Forum Moderators: martinibuster
Which no matter how you put it, it doesn't make sense. If the ads are no longer relevant then why wouldn't the other ad unit be affected?
[edited by: martinibuster at 2:51 pm (utc) on Oct 30, 2013]
It helps to know something about how AdWords works to understand what all goes into the value of a click. There are so many variables now (and believe me, because I have the added fluctuations of seasonal sites, I vary from days with mid to high five figure earnings, down to slow periods where I barely make twenty or thirty bucks)
So what goes into a click? First of all, there's an ad auction, with advertisers competing for your placements. Each one of those advertisers have issues of their own that come in to play - daily budgets, max cost per click, quality score, dayparting in some cases, ad sizes available for display ads, geo location if applicable, varying bids by device type, etc.

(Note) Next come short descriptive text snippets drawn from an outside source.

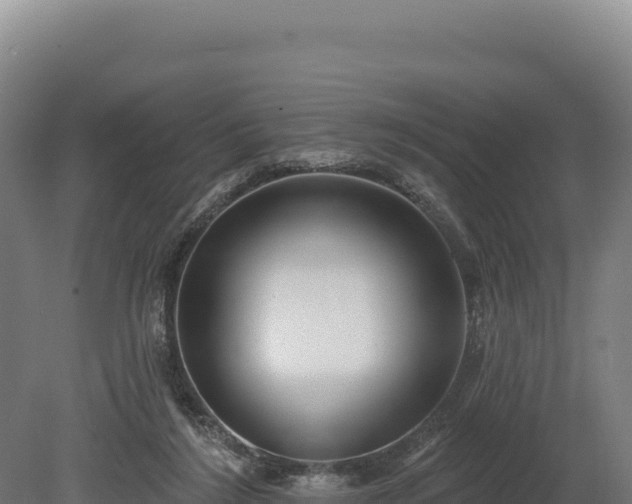 X0000080150212200612151838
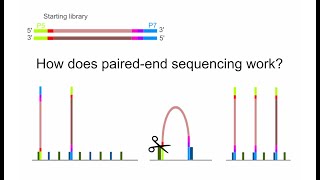 NGS How does paired end sequencing work [upl. by Yelhsa368]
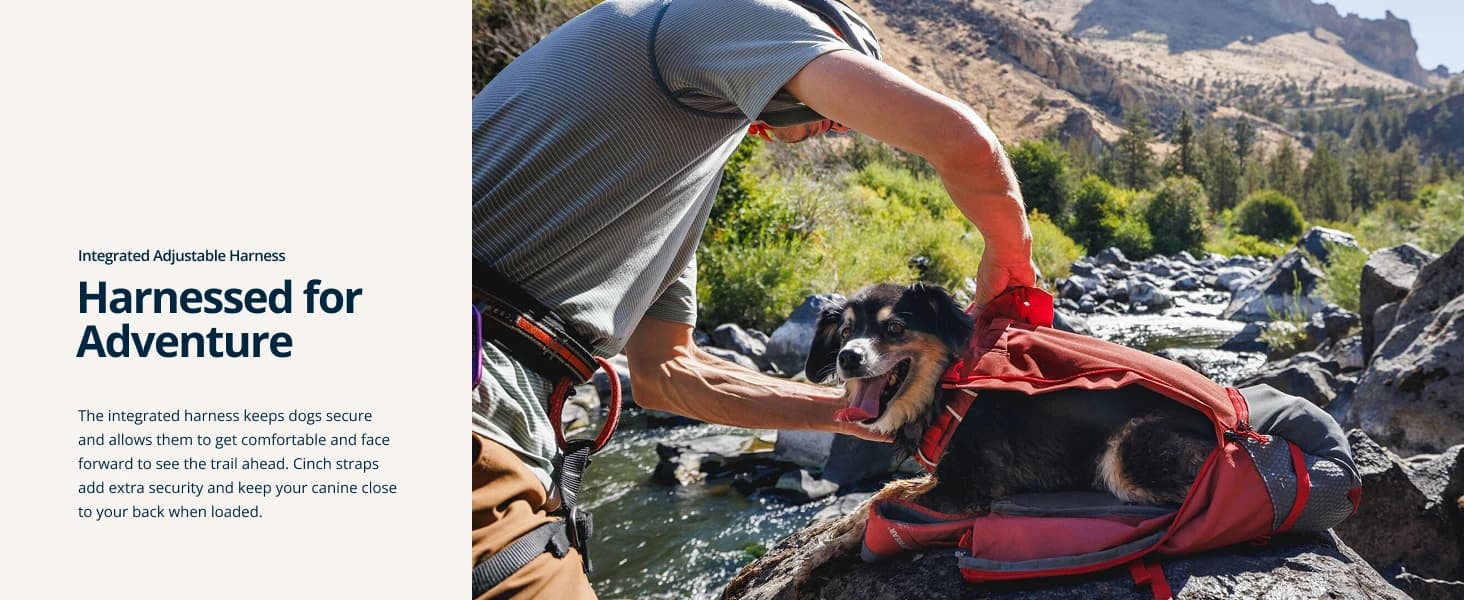Hitch Hiker Dog Backpack Carrier — product details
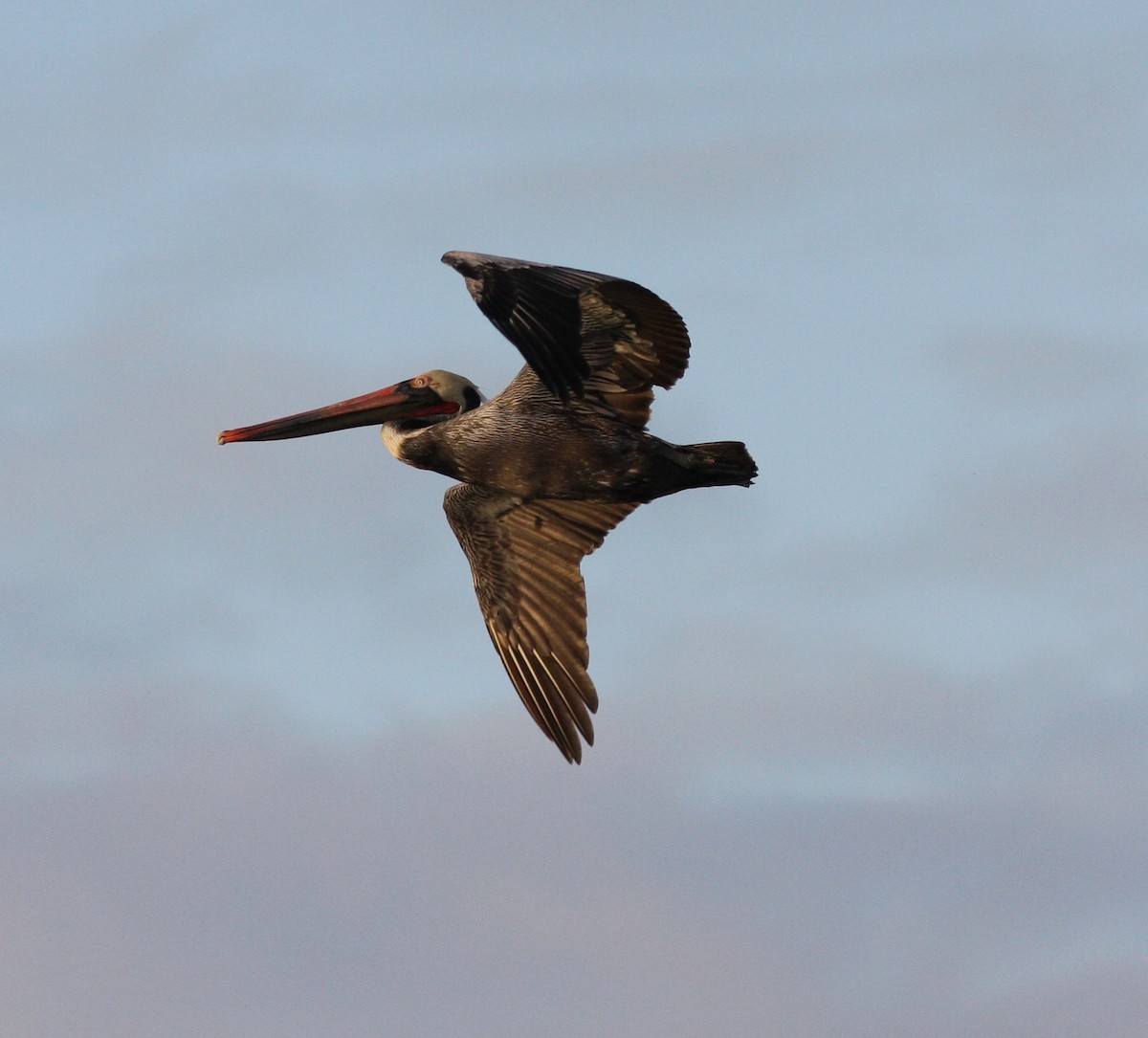 Brown Pelican - David Vander Pluym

Then there's the stuff that goes on at your end - your placements, your ad styles, smart pricing, traffic quality, user intent, and in the end, what the user actually clicks on. Your top ad in your top spot might be paying out five bucks a click, but for whatever reason, the users are most interested in the last ad in the last ad unit, which pays three cents. Oh well.
Then you add in the whole click fraud detection system (which personally I think *might* be a tad aggressive, but on the other hand I see so many flagrant violations out there in the wild, maybe not aggressive enough) with click networks and bots and I dunno what all - that all has to be sorted through and the bad guys filtered out.
And then on top of that - user behavior has just plain changed since 2004. Users are definitely becoming ad blind; in certain sectors you see heavy usage of ad blocking technology, and pile the whole mobile thing on top of it, and it's a wonder we see any stability at all.
Yea, I'm sure there is AdSense experimentation (we've all seen it) but as a percentage of the whole, considering all that stuff up there ^^^ and other factors I don't know about or have forgotten, it's hard to really blame too much on the experiments.
If I'm to believe the ZDNet post about it, (and I don't know how accurate it is - nobody does but Google) AdSense is seeing some decline as well.
I kind of think that roller coaster is the name of the game for AdSense in 2013.